South Korea operators lost momentum in 5G business against China

Mobile operators in South Korea have lost their momentum in the 5G business due to less demand for the new technology from customers because of high cost and quality concerns, a Reuters report indicated.
SK Telecom 5G powers TV broadcast in Korea
SK Telecom, LG U+ and KT launched the world’s first 5G services exactly a year ago. Samsung Electronics, mobile phone manufacturer, launched the first 5G phone around the same time.

But after an early growth spurt driven by generous subsidies for 5G smartphones, the hype has almost vanished as customers question the value of pricier handsets and sometimes-spotty 5G services, Reuters reported.

Telecom operators such as AT&T and Verizon Communications had also claimed that they were the first to launch 5G mobile services in the world. But AT&T and Verizon could not make much progress in the 5G business due to spectrum issues.

China Mobile says its 5G subscriber base reached 15.399 million in February 2020 as compared with 6.736 million in January 2020.

South Korean carriers added about 400,000 new 5G customers in February, government data showed, an increase from 290,000 in the preceding month. But analysts saw that as a subdued number given the launch of Samsung’s S20. And it was less than half the 880,000 recorded in August.

The 5G market started slowing in November as operators curtailed marketing spending and customer complaints grew about choppy network connections and a lack of differentiated content.

Analysts said operators and handset makers have to rely on fresh subsidies to revive demand, eroding their bottom lines

Now the coronavirus crisis is hitting demand hard.

Sales of Samsung’s new 5G-ready Galaxy S20 phones, which were launched at the end of February with prices as high as 1,595,000 won ($1,308.81), are down about 30 percent in South Korea compared with early sales of its previous model S10 series.

The 5G slowdown in South Korea shows how the coronavirus could hobble the take-off of the technology globally. Smartphone makers, including Apple, which is currently scheduled to launch 5G phones in the fall, had been counting on 5G for a sales boost after two years of industry-wide contraction.

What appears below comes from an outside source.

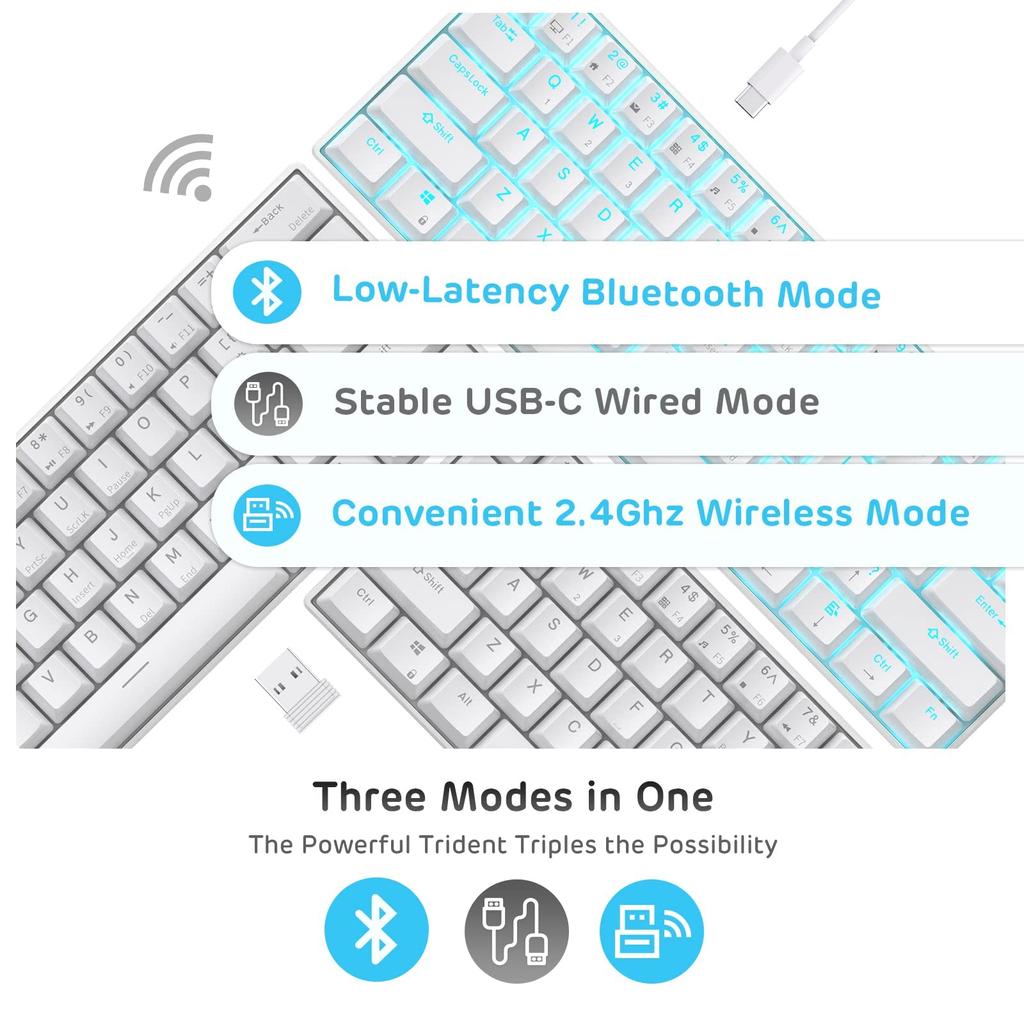 Механическая клавиатура RK ROYAL KLUDGE RK61 Red Axis Bluetooth Wireless USB совместима с Universal для легкого и компактного проводного/беспроводного использования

Plans for futuristic services such as self-driving cars and fully automated factories and cities could also be affected by 5G delays. Spain, Italy, France and Austria have postponed auctions for 5G spectrum because of the coronavirus.

China’s 5G sales, by contrast, are expected to recover in the second quarter, boosting Chinese companies including Huawei, said Tom Kang, an analyst at research firm Counterpoint.

Xiaomi, which recently unveiled a new flagship 5G smartphone, said it is seeing signs of a sales recovery in China as the country starts to return to normal following the coronavirus lockdown.

Samsung has only a small presence in China and sells most of its premium 5G phones in other markets.

Samsung had counted on South Korea to take an early lead in the 5G phone market last year. It was expected to expand 5G phone sales in other major markets like the United States and Europe, ahead of Apple’s iPhone launch, but the coronavirus is setting back such plans, analysts say.

U.S. retailers are already offering about 20 percent discount for online sales of the S20, which was launched in America just a month ago. Samsung’s unlocked S20 devices are being sold at $799.99 on Best Buy and, about $200 discounts from its original $999.99 price.

Samsung plans to launch more affordable 5G smartphones such as the A71 series in Korea in the first half of this year.

“Consumers are cautious about buying new phones, because of little perceived differences between 4G and 5G phones and price hike from 4G phones, especially with the virus dampening consumer sentiment,” said Kim Hoi-jae, an analyst at Daeshin Securities.